A New Tool to Crowdsource Legislative Markup Comes From the U.S. House
BY Nick Judd | Wednesday, December 7 2011
In the hopes of attracting the eyeballs — and maybe the comments and revisions — of Internet geeks, Rep. Darrell Issa (R-Calif.) and Sen. Ron Wyden (D-Ore.) plan on Thursday to unveil their alternative to the controversial Stop Online Piracy Act with the help of a brand new tool allowing anyone to read, share and comment on parts of legislation.
Issa unveiled the tool, called MADISON, Wednesday at a hackathon event taking place in the Capitol Visitors Center.
In general, the point of the tool is to allow the user to mark up a given bill, leaving comments to justify the reasons for changes and amendments. Because each clause in a bill — not just the whole thing — has a permalink, people could in theory share specific provisions using social networks, email, carrier pigeon, whatever.
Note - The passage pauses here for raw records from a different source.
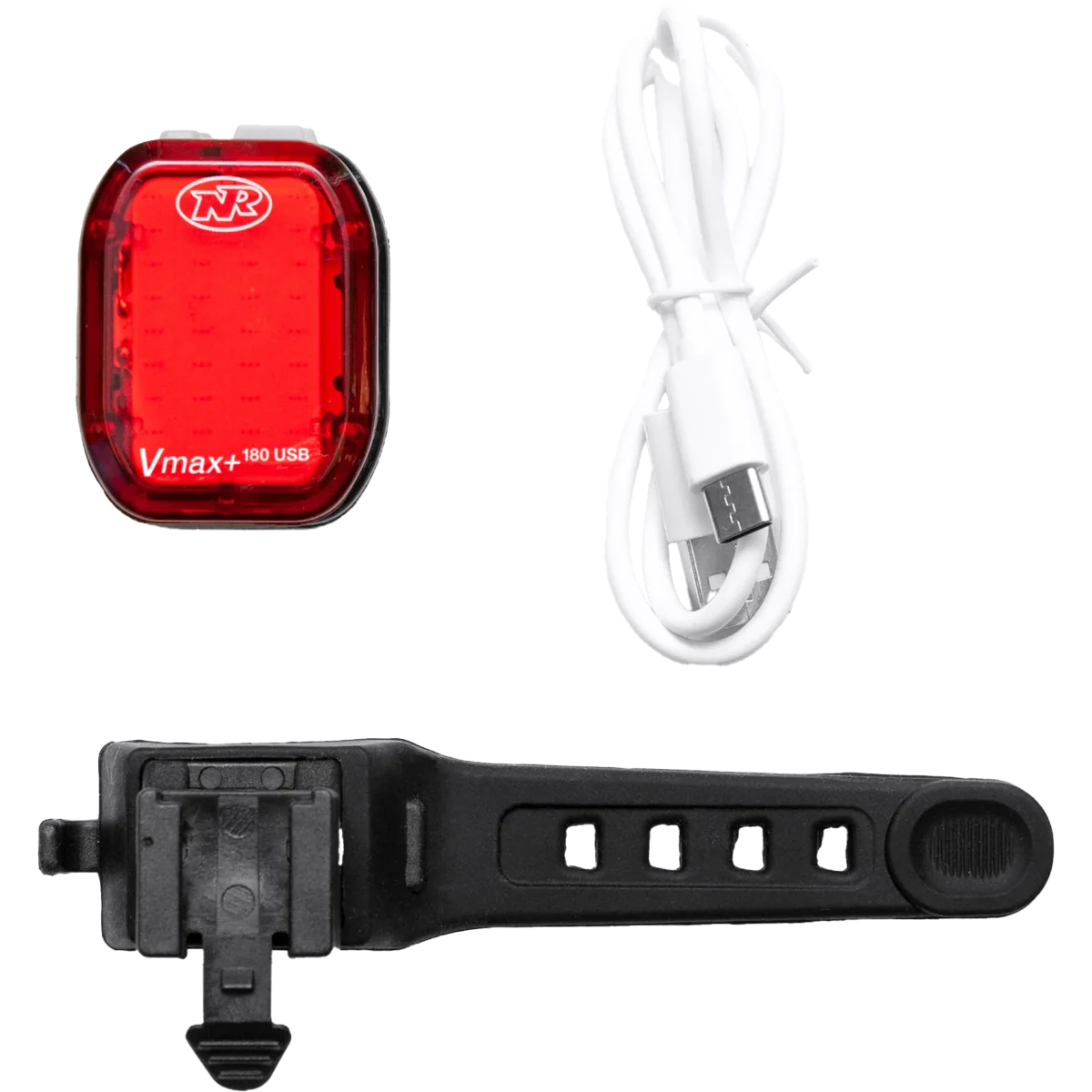 Vmax+ 180 - Image 2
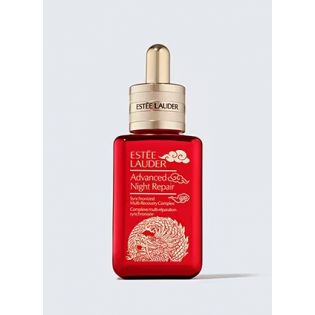 Avaliações de frascos de edição limitada do Advanced Night Repair Serum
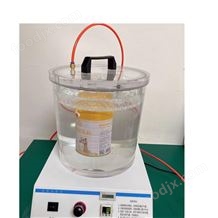 MFY-2密封性泄漏儀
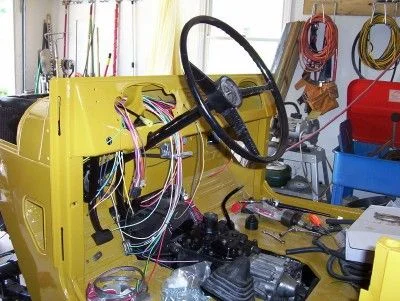 steering in truck.webp
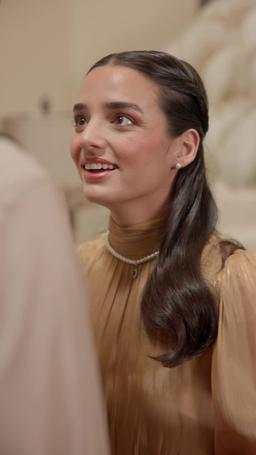 Skrupelloser Mafia-Papa episode 52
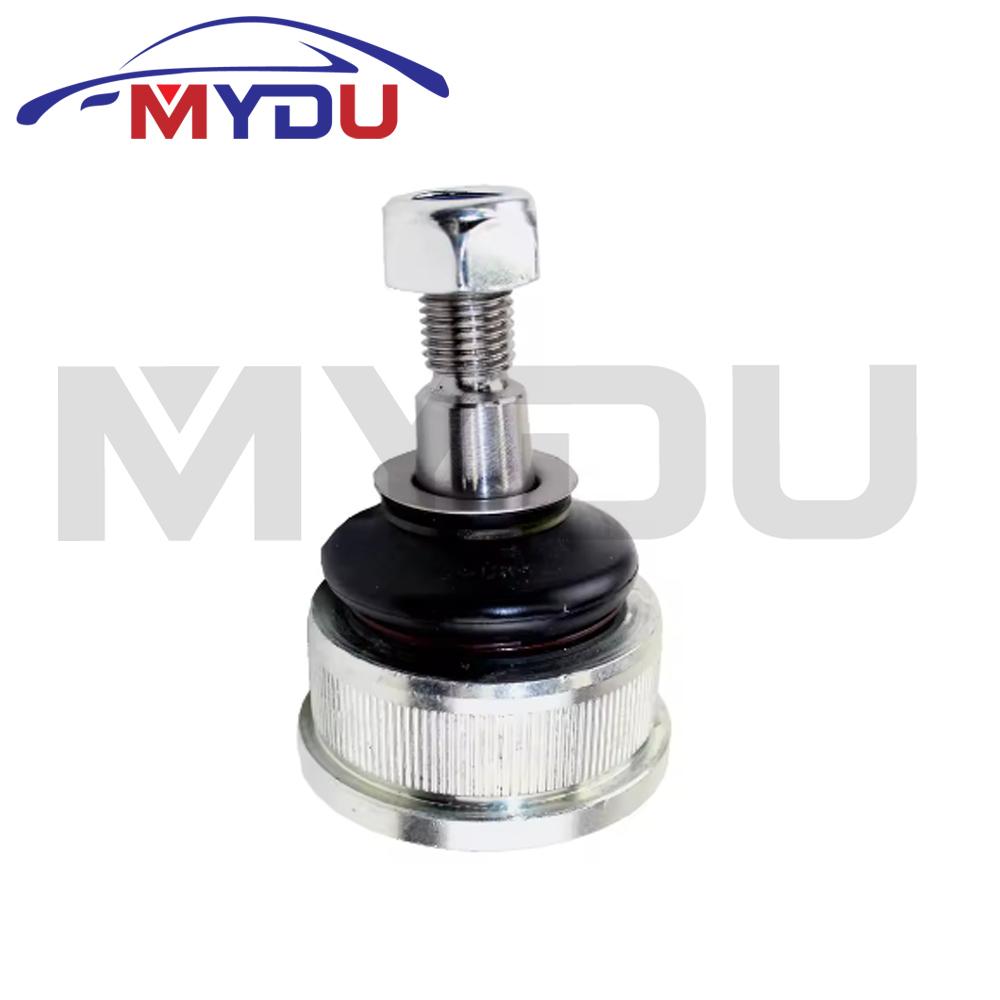 31126758510 1 pcs Front Lower R LControl Arm Outer Ball Joint For BMW E36 E46 Z3 Z4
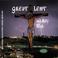 Great Lent & Holy Week - Double CD Mp3
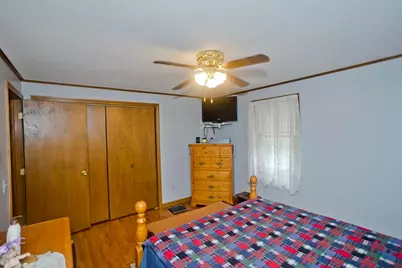 597 Amherst Rd, Granby, MA 01033 - Photo 24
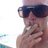 Brandon_Keene's profile image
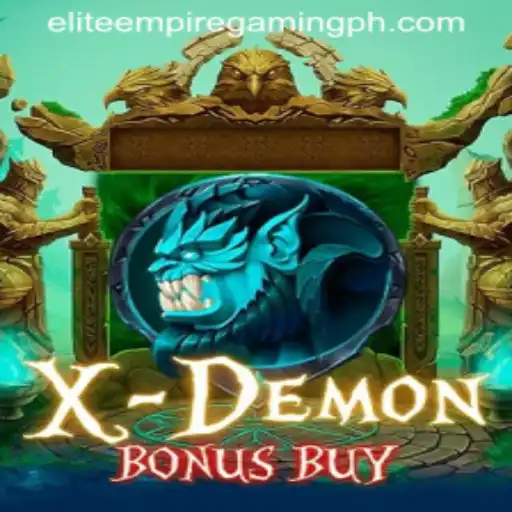 Exploring the Exciting World of XDemonBonusBuy with ELITE EMPIRE GAMING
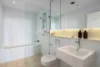 816D/5 Pope Street, Ryde, NSW 2112-Image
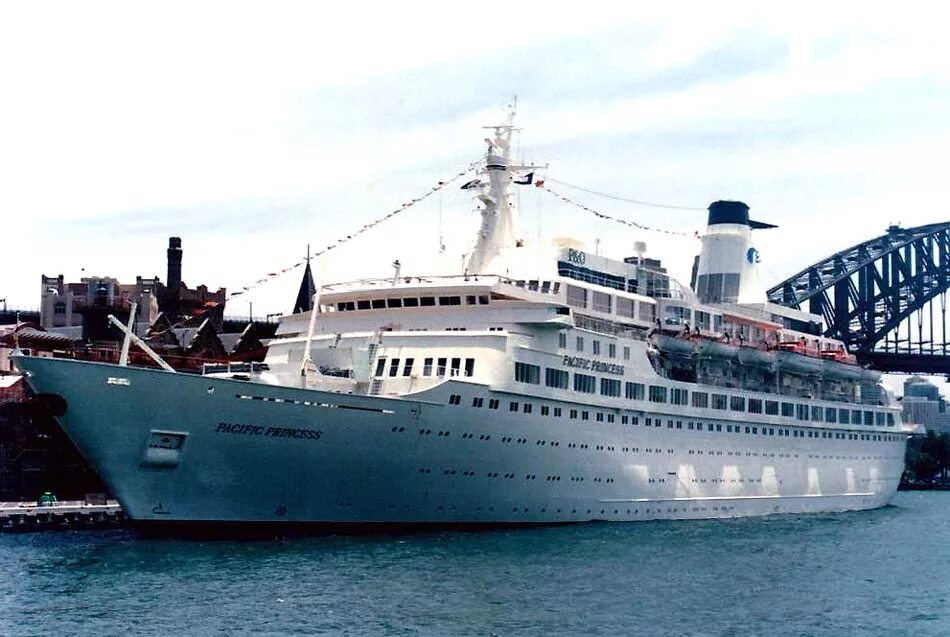 сикорский вертолеты с-72. яхту addiction. сикорский s 72. M s 72. яхта азимут 72 s.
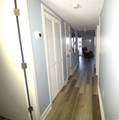 5905 South Kings Hwy. - Photo 36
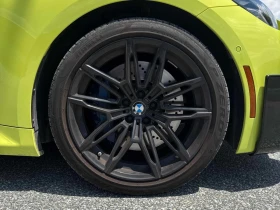 BMW M2 25, 382KM* HARMAN KARDON* ПОДГРЕВ* CARFAX , снимка 12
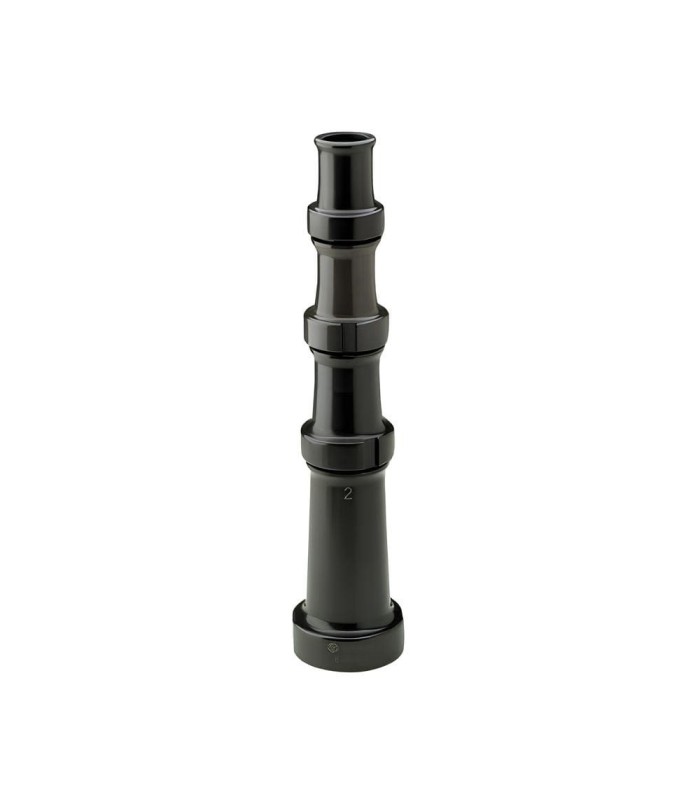 AKRON 2499 quadruple nozzle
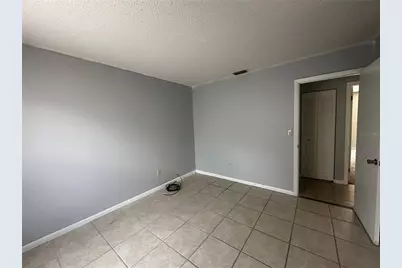 455 Water Road, Ocala, FL 34472 - Photo 4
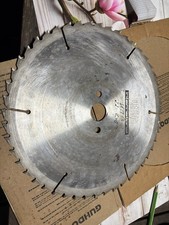 Kreissägeblatt 300*3,2/2,2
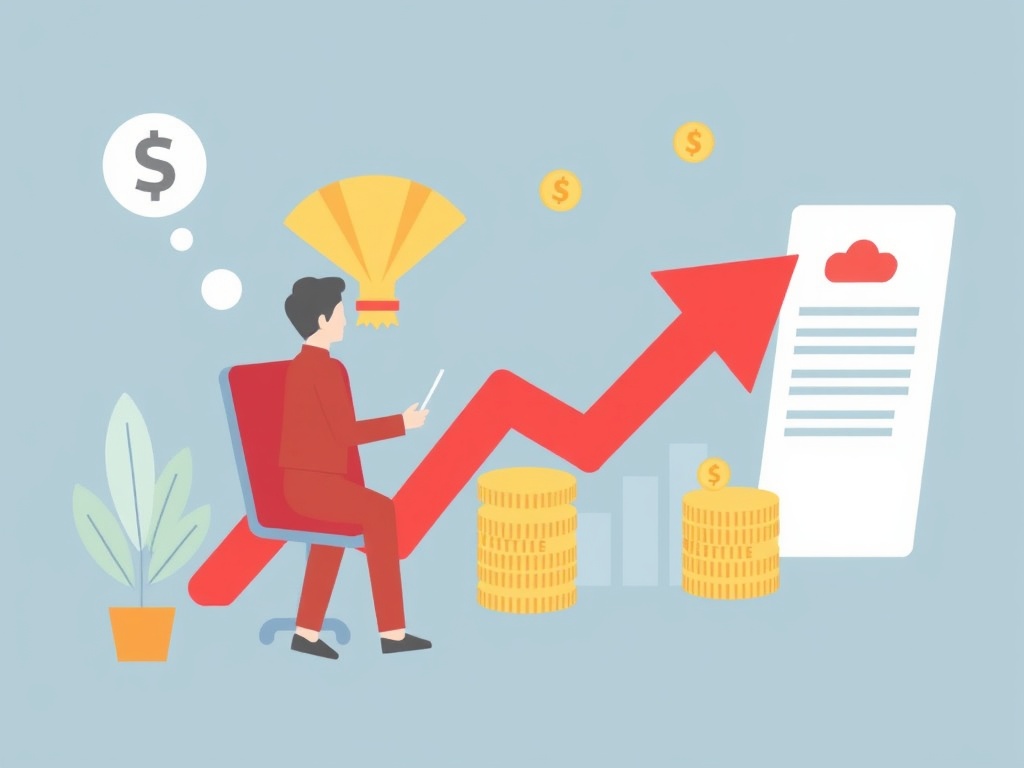 Understanding AML Check Paxful Escrow Risk Exposure: Safeguarding Transactions in the Digital Economy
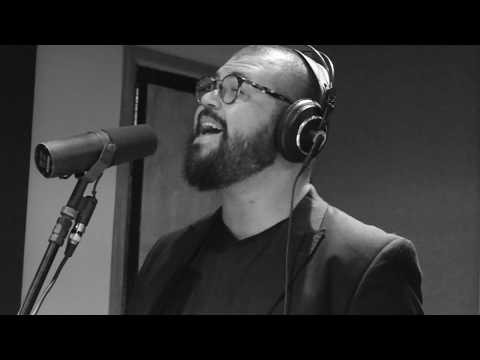 Habilidade: Canto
One of the main knocks on Congress' handling of the Stop Online Piracy Act is that the Hollywood lobby's interpretation of the facts has been allowed to run roughshod over the expertise of people with a better understanding of the Internet's inner workings. Most recently, The Atlantic quoted Harvard's Jonathan Zittrain as explaining that Congress needs to do its homework:
What Congress really needs to do, Zittrain said taking a step back from the anti-piracy legislation in question, is to do a little bit of fact-finding. So far, the debate around the best way of combatting piracy hasn't been too data-driven, and even the solutions -- so far, cutting off payment and ad networks seems to be the best weapon against pirating sites -- aren't necessarily solutions. So how do you come up with a better map? "Let's figure out in a rigorous way the scope of the problem here," Zittrain suggested. "It's one thing to beat the drums about jobs, about piracy. How about let's just figure out how big this problem is? I don't know of any source for that right now."
Madison is, in part, an effort to avoid the same fate for Issa and Wyden's OPEN legislation by giving Internet people a place to point out where Issa's proposed bill may be doing it wrong and to suggest other solutions. And it earned some plaudits Wednesday from the Sunlight Foundation's* John Wonderlich, who tweeted his praise of the idea during the event. Sunlight has been experimenting with public bill markup for some time, and OpenCongress's website allows people to link to individual clauses in a bill.
"No collaborative bill editing is going to work right away," he wrote, but, "experimenting with public online review to build clout = YES."
A House Oversight and Government Reform Committee staffer tells me that the plan is for this application — as interesting because Issa, a sitting member of Congress and the chair of the Oversight Committee, had a direct hand in creating it as anything else — to live on beyond the SOPA/OPEN debate.
(* Personal Democracy Forum's Andrew Rasiej and Micah Sifry are senior advisers to the Sunlight Foundation.)